Es sollte eigentlich das größte Projekt in der Gemeinde Blankenfelde-Mahlow sein und einen Impuls für ein neues Ortszentrum setzen. Das Blankenfelder Rathaus ist seit Jahren im Visier von Juristen und inzwischen der größter Zankapfel der lokalen Politik. Am 23. Februar beerdigte die Gemeindevertretung das 14-Millionen-Euro-Vorhaben. Bürgermeister Ortwin Baier (SPD) hatte allerdings bis zum Schluss gehofft, den doch noch Bau umzusetzen zu können.

Wie fühlt man sich, wenn man drei Millionen Euro versenkt hat?

Nicht ich, sondern fünf Fraktionen (CDU, BVBB-WG, BB/FDP, AfD und FWG) und Herr Schiller haben sich bewusst dafür entschieden, Millionen in den Sand zu setzen. Dennoch geht mir das sehr nahe, weil es nicht meinem Verständnis für verantwortungsvolles Handeln für den Bürger entspricht, wenn man den Steuerzahler völlig unnötig belastet. Ich kann nicht verstehen, dass man sich nun auch noch einer Haftungsprüfung entziehen will, wenn man so grob fahrlässig Steuergeld verschwendet. Der Gemeindeanwalt hat uns darauf hingewiesen, dass es sich nicht um einen juristisch infizierten Vertrag handelt, sondern um einen politisch infizierten. Das ist ein himmelweiter Unterschied. Wer trotzdem so entscheidet, steht nach meiner Meinung nicht nur in der politischen, sondern auch in der materiellen Verantwortung.

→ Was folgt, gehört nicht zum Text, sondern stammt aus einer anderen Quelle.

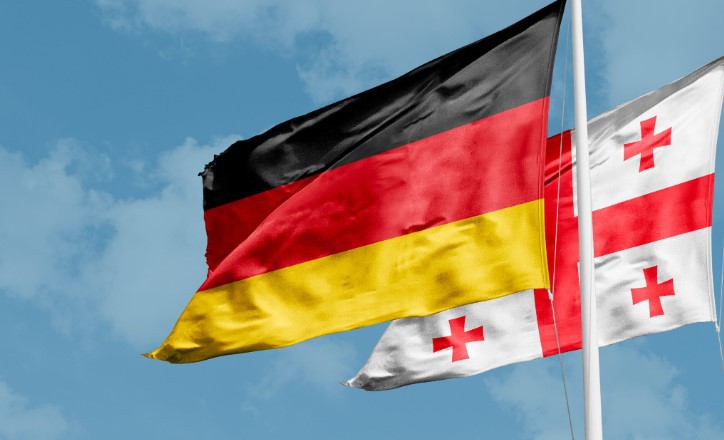 გერმანია საქართველოს ევროკავშირში გაწევრების შესახებ მოლაპარაკებების დაწყებას მხარს არ დაუჭერს  ‌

Aber es gab doch zwei Strafbefehle.

Fragen sie die Betroffenen selbst, diese fühlen sich als Sonderopfer des Staates, da sich weder der Vorwurf des Betruges noch der der Korruption bewahrheitet hat. Das Pilotprojekt hätte trotzdem umgesetzt werden können. Herr Stefke und seine Mitstreiter verstecken sich hier hinter ihrem Anwalt, obwohl es zwei Gerichtsbeschlüsse gibt, die der Gemeindeverwaltung wirtschaftliches Handeln bestätigen und den Rat ihres eigenen Anwalts, dass eine Umsetzung jederzeit möglich sei, gibt. Nun stehen sie vor einem Millionen großen Scherbenhaufen, der vermutlich Kürzungen bei der Vereinsförderung nach sich zieht, was sie politisch zu verantworten haben.

Ärgern Sie sich, dass Sie das Rathaus nicht gebaut haben, als Sie noch die Mehrheit in der Gemeindevertretung hatten?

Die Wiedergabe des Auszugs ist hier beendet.